My college junior son is bringing home his Dutch exchange student girlfriend for Thanksgiving. That is fine with me since Holland is far away and Thanksgiving isn’t a holiday in the land that the pilgrims left.

My problem is that he seems to be under the impression that they will be sleeping together in his room.

I raised him to have a healthy, safe attitude toward sex so I’m fairly confident that they are having sex at school. This, again, is fine with me. I just don’t want them doing it around here. I feel like a bit of a hypocrite, but I just don’t.

My inner liberal says to chill out, but my inner fogey says to rebuild the Berlin wall. What should I do?

Muddling in Middletown

First of all…Dutch exchange student girlfriend…SWEET!

Now then, where was I?

Oh yeah. All your years of safe, healthy attitude building has been theory when the kid was 12, but now you are face to face with the results of your liberal parenting and you are all “Ew.” Right?
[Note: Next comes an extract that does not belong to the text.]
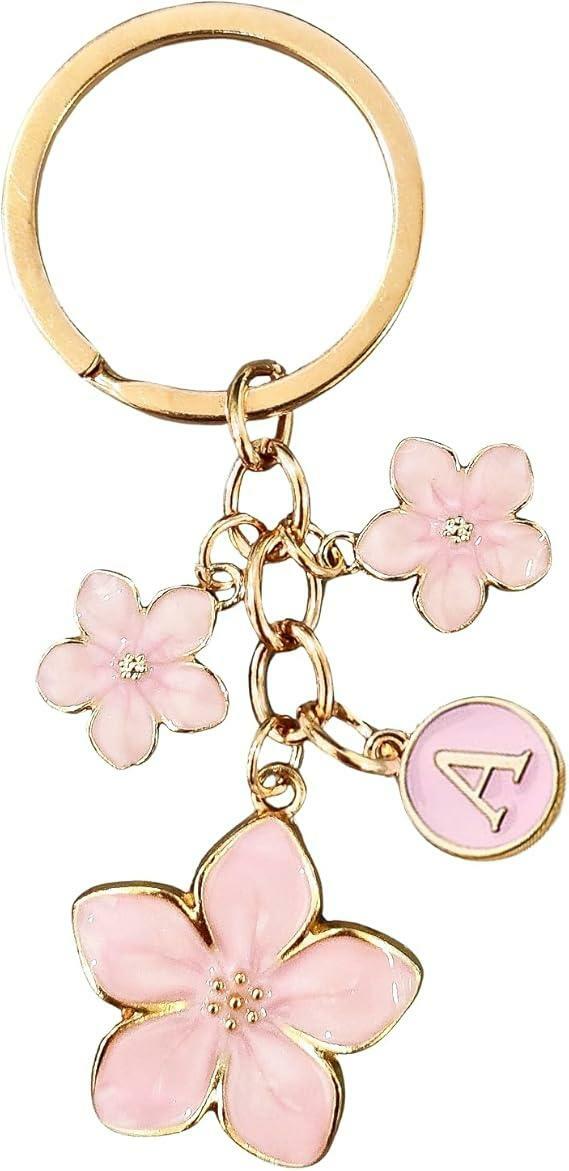 AYYSHULAN Pink Cute Enamel Flower Initial Letter Bag Charm Keychain D Free Size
Don’t worry. Parents are entitled to play the old fogey card at random. It is one of the perks of parenthood. Since you raised your boy to have a reasonable attitude toward sex you probably alos raised him to be considerate and have some sense of decorum.

Simply tell your son that he will be sleeping on the sofa and his girlfriend will be upstairs in the bed. And let that be that. Also, If you go shopping and say you are going to be back at 3:00, don’t come back at noon.

He’ll probably get it, but if he makes an issue of it, you will have a teachable moment in which you can explain that you are happy for him with his healthy sexuality and his ability to (so far) not bring grandchildren into your home, but that you would be uncomfortable with the idea of him getting it on beneath his Padmé Amidala poster with his Allen Iverson bobble-head doll nodding his lecherous approval.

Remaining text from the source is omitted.